I expect the script to read the CSV file, map the data to the corresponding fields in each table, and create new records accordingly.

Request for Help:
I would greatly appreciate any guidance or assistance with debugging the script and resolving the errors. Specifically, I need help with:
- Parsing the CSV content and ensuring it aligns with the table structures.
- Handling linked records and correctly mapping them from the CSV data.
- Verifying the implementation of each table's fields and data in the script.

Any insights or suggestions on how to improve the code would be incredibly helpful!

Thank you in advance for your support.

Best regards,
Narcy

2 Replies 2
ScottWorld
18 - Pluto
18 - Pluto

Sorry, I don’t know scripting, so other people will need to chime in below to help you with your scripting errors.

However, in the meantime, while you’re waiting for others to help:

If you’d like to skip scripting altogether and do all of this in a no-code/low-code way, there is an easy way to automatically import CSV files into Airtable with no coding at all, along with having all of the data map into the appropriate tables with the appropriate linking.

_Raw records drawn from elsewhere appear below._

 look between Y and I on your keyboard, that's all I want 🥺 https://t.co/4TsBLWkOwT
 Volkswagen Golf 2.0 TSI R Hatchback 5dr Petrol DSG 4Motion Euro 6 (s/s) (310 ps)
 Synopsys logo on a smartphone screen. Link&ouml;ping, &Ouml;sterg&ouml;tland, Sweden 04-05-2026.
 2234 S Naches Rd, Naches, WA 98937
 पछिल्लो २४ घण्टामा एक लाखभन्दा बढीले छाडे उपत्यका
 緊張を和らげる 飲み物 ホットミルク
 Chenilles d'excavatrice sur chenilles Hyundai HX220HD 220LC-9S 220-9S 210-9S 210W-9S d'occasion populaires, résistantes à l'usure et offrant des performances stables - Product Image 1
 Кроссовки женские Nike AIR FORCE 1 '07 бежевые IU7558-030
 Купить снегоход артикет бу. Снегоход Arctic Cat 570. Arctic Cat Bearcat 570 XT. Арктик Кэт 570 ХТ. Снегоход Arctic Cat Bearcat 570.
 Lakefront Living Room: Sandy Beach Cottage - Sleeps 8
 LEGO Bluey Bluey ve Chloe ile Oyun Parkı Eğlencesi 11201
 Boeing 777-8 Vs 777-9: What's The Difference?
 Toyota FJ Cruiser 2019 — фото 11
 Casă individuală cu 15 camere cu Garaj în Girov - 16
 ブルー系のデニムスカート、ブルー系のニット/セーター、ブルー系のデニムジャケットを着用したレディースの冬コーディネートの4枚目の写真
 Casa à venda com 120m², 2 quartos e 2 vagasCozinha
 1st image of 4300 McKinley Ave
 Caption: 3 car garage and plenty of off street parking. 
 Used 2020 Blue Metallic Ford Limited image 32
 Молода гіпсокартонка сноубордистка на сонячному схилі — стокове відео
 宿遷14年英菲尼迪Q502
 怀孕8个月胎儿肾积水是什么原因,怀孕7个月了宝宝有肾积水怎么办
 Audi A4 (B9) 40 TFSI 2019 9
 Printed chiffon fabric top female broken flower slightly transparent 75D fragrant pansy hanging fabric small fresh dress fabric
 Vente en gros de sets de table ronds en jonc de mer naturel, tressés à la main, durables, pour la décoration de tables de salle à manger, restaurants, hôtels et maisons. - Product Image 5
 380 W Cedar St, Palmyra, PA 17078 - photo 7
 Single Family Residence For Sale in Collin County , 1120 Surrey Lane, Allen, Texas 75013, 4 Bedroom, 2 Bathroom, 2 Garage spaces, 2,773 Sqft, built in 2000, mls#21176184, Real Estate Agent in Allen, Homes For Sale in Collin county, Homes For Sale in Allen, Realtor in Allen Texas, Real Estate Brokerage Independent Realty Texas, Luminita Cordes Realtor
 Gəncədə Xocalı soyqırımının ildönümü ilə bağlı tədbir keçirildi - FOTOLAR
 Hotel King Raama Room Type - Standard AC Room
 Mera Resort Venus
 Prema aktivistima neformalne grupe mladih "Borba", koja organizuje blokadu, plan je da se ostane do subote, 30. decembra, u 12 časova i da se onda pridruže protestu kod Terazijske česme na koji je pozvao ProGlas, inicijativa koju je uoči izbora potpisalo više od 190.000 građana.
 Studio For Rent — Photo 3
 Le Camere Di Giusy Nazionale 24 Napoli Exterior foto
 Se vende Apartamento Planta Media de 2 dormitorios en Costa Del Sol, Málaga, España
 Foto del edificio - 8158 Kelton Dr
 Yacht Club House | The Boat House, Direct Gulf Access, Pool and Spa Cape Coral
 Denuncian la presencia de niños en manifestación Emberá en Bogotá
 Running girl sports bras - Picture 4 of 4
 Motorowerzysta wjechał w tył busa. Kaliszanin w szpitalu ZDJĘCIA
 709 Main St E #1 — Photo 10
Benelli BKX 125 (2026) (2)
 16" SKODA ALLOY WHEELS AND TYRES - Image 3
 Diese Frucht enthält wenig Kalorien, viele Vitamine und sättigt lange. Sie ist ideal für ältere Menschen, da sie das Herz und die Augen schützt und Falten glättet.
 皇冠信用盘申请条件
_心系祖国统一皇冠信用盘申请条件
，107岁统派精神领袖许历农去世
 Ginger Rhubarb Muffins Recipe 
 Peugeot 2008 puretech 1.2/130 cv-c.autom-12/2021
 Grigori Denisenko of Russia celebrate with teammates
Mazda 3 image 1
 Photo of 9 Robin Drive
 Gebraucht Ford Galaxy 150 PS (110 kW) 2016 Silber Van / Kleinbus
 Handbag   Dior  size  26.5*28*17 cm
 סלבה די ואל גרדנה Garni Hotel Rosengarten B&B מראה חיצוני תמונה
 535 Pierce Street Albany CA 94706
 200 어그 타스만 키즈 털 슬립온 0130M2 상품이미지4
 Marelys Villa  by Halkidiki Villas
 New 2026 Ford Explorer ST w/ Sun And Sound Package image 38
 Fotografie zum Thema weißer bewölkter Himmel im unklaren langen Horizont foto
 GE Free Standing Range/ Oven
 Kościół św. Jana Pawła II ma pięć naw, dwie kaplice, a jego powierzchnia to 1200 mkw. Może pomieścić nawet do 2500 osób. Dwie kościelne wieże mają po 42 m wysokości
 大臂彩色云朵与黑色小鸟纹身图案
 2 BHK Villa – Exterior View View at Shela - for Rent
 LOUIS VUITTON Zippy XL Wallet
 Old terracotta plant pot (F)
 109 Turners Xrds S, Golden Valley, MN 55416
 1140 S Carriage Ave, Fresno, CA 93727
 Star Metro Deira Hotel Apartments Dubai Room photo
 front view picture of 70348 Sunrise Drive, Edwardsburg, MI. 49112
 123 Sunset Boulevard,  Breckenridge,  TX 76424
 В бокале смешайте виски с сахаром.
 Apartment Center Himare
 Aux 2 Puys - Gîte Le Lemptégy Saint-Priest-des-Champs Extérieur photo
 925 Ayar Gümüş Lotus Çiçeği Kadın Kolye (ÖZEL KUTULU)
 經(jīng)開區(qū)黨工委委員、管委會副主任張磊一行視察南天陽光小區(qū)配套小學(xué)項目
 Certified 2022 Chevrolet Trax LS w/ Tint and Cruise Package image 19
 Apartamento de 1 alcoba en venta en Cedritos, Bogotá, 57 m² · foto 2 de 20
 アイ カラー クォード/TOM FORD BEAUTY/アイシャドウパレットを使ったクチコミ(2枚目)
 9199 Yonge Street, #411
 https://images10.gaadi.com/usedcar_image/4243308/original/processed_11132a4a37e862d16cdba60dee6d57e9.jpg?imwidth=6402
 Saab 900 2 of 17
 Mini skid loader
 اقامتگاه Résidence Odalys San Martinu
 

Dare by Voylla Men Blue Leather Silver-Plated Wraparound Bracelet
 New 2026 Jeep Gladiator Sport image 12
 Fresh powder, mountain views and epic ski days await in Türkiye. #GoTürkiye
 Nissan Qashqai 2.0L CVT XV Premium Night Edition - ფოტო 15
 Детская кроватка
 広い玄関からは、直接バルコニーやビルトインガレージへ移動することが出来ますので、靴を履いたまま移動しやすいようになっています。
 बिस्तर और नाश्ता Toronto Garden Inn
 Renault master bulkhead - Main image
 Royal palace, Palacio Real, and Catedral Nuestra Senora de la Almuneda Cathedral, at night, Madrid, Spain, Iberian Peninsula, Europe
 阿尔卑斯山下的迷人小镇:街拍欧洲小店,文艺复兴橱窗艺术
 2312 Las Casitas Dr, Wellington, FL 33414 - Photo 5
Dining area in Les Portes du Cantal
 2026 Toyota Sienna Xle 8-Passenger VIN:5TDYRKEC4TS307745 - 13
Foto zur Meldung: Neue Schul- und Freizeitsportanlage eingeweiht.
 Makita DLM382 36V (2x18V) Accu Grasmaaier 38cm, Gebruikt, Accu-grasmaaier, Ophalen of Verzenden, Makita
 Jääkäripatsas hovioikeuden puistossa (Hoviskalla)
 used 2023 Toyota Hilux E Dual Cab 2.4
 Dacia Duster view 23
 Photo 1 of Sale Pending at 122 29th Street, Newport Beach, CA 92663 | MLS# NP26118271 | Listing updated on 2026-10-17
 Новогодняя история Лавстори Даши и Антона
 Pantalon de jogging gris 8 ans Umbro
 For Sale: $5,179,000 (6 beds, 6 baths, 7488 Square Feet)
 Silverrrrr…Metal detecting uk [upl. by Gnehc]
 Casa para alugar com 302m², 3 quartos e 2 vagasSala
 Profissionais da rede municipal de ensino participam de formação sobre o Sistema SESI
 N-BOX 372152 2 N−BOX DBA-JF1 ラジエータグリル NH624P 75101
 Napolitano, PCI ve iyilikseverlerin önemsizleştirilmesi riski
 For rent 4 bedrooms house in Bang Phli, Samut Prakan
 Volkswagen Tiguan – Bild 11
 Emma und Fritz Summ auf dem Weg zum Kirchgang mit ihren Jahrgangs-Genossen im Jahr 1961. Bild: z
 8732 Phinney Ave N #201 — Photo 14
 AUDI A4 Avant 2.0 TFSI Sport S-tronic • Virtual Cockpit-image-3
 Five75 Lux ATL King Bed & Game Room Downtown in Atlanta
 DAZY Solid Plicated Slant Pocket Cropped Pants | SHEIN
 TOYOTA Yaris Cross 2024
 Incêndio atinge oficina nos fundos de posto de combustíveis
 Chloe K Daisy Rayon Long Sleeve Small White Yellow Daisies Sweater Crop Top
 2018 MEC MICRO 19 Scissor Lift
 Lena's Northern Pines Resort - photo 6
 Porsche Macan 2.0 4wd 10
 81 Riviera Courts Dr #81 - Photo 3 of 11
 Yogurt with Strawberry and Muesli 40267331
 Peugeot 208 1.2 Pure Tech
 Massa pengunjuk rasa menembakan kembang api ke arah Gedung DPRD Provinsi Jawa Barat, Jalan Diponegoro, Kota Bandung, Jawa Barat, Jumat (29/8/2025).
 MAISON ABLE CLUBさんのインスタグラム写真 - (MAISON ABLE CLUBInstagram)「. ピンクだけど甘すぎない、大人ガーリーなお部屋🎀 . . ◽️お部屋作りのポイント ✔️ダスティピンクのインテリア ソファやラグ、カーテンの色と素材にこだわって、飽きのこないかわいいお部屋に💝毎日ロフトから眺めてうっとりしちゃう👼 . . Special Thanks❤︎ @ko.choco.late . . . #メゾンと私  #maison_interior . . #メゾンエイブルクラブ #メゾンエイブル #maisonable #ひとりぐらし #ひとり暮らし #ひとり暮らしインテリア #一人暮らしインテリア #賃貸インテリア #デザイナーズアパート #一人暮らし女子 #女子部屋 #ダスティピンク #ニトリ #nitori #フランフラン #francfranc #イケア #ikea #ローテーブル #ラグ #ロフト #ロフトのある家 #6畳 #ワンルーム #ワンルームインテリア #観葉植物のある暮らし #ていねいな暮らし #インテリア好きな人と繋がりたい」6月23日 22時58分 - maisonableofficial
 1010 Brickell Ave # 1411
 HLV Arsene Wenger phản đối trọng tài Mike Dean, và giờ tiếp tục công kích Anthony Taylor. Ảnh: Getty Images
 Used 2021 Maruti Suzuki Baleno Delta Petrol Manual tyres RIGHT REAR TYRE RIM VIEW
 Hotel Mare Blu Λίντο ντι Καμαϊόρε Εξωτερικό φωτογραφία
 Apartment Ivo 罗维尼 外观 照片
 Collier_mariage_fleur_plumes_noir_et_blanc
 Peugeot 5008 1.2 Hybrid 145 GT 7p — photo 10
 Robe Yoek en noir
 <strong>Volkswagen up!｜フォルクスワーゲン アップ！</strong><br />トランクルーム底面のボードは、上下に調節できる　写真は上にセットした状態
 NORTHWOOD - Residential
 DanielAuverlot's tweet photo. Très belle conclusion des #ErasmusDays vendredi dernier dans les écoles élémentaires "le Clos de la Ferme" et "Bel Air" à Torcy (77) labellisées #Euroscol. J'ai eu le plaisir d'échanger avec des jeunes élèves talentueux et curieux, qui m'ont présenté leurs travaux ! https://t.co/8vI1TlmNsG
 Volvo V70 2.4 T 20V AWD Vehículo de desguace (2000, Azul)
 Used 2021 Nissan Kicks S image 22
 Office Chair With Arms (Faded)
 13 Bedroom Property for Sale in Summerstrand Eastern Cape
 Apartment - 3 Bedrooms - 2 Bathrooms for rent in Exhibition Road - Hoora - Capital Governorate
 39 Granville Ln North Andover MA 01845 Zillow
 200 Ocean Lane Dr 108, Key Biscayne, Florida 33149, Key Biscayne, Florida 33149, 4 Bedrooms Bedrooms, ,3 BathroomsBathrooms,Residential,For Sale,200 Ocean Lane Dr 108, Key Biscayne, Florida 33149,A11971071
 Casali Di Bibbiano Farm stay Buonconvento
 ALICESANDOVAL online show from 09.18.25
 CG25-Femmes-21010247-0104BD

All of this can be done in a no-code/low-code way with Make’s CSV modules and Make’s Airtable modules.

I just discussed importing CSV files with Make on last week’s episode of the BuiltOnAir podcast, so you can see exactly how it’s done.

(There can be a bit of a learning curve with Make, which is why I created this basic navigation video for Make, along with the links to a few other Make training resources.)

p.s. If you’d like to hire an expert Airtable consultant to help you with any of this, please feel free to contact me through my website: Airtable consultingScottWorld

Hi,
I would suggest to use 

Alexey_Gusev_0-1690961006340.png

because unformatted code is hard to read, so it's a small chance somebody will read it.

But the most important is which part of your code is written by chatbot. Airtable has several contexts for coding, each with it's own little part of commands and ways to manage the data. Chatbot "uses all of them at full power", that means such code has very little chance to run, with significant part of overengineering, and in most cases it's easier to write new from scratch. 

When you open code editor in "Extensions", you can click on Examples and see Spreadsheet Importer, loading single file. I guess you already seen it, but I can't say for sure whether it possible to modify it to load several tables from a single file. 
I think, it's hard to 'explain' built-in file picker that 'here finishes table 1 and table 2 should begin', as such feature doesn't installed in it.